McCreary’s plea comes nine months after he first told FBI investigators that it was not Trump supporters but "antifa" who stormed the halls of government. He was arrested Feb. 3, during which his cell phone was confiscated.
On Thursday McCreary accepted a misdemeanor plea of entering or remaining in a restricted building, a charge that carries a maximum of one year in prison but sentencing guidelines of zero to six months, according to the Court House News Service.
During McCreary’s hearing, U.S. Chief Judge Beryl Howell noted that McCreary provided eight video clips to the FBI that documented the violent mob.
“When you were filming, did you hear — as captured on video — ‘where are they counting the fucking votes?’” Howell asked to confirm that McCreary partook in different activities inside the Capitol.
“A lot of people were yelling, your honor,” McCreary said. “I was trying to capture what was happening.”
McCreary also admitted to following the mob inside the Capitol and realizing he should have known that he wasn’t supposed to be there.
“I realized upon reflection that that should have been obvious to me,” McCreary said.
Among the videos of the violent mob, one showed rioters attacking Capitol Police Officer Eugene Goodman. Goodman a Black Capitol Police officer, heroically diverted a mob of angry Donald Trump supporters away from the Senate chamber during the Jan. 6 Capitol insurrection. Video footage shared to social media depicted him acting quickly and selflessly as angry mob members stormed the building.

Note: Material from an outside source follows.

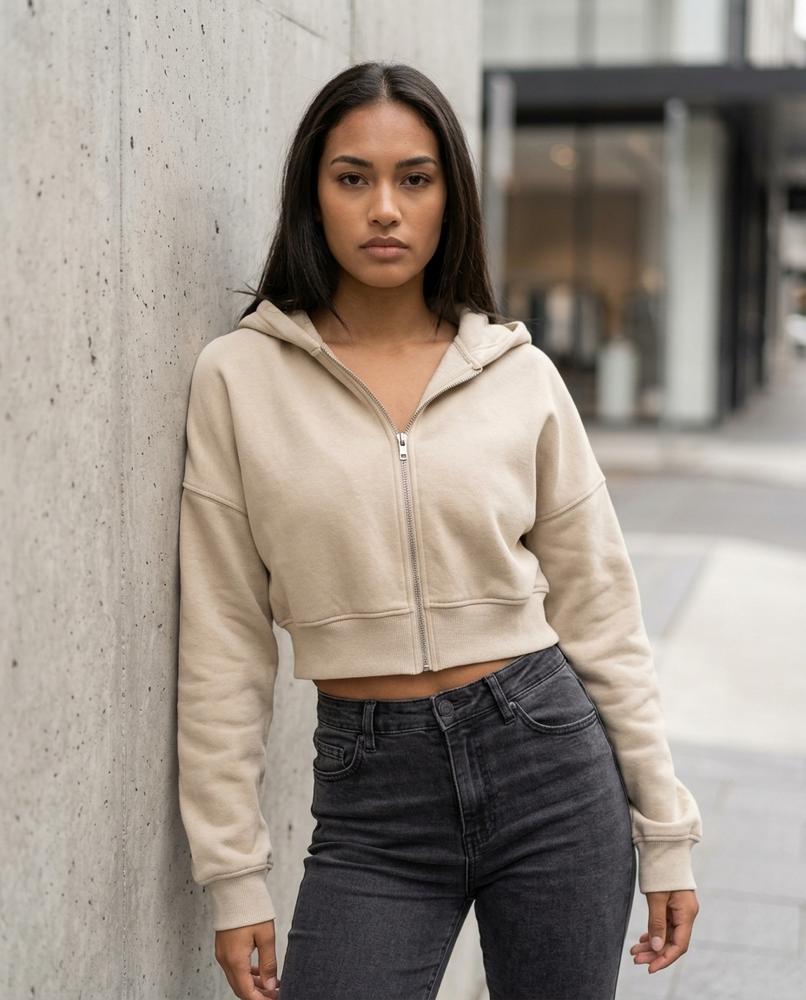 Zumieze - Arsen | Cropped Zip-Up Hoodie Women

Two others pleaded guilty Thursday, bringing the total number of guilty pleas up to 103. Last week, U.S. District Judge Thomas Hogan shared that he was afraid some rioters were taking early plea deals with no remorse for their actions, and were only saying whatever they thought prosecutors wanted to hear.
“It’s become evident to me in the riot cases … that many of the defendants who are pleading guilty are not truly accepting responsibility. They seem to me to be trying to get this out of the way as quickly and as inexpensively as possible and stating whatever they have to say in guilty pleas and hoping to get probation and leave,” Hogan said.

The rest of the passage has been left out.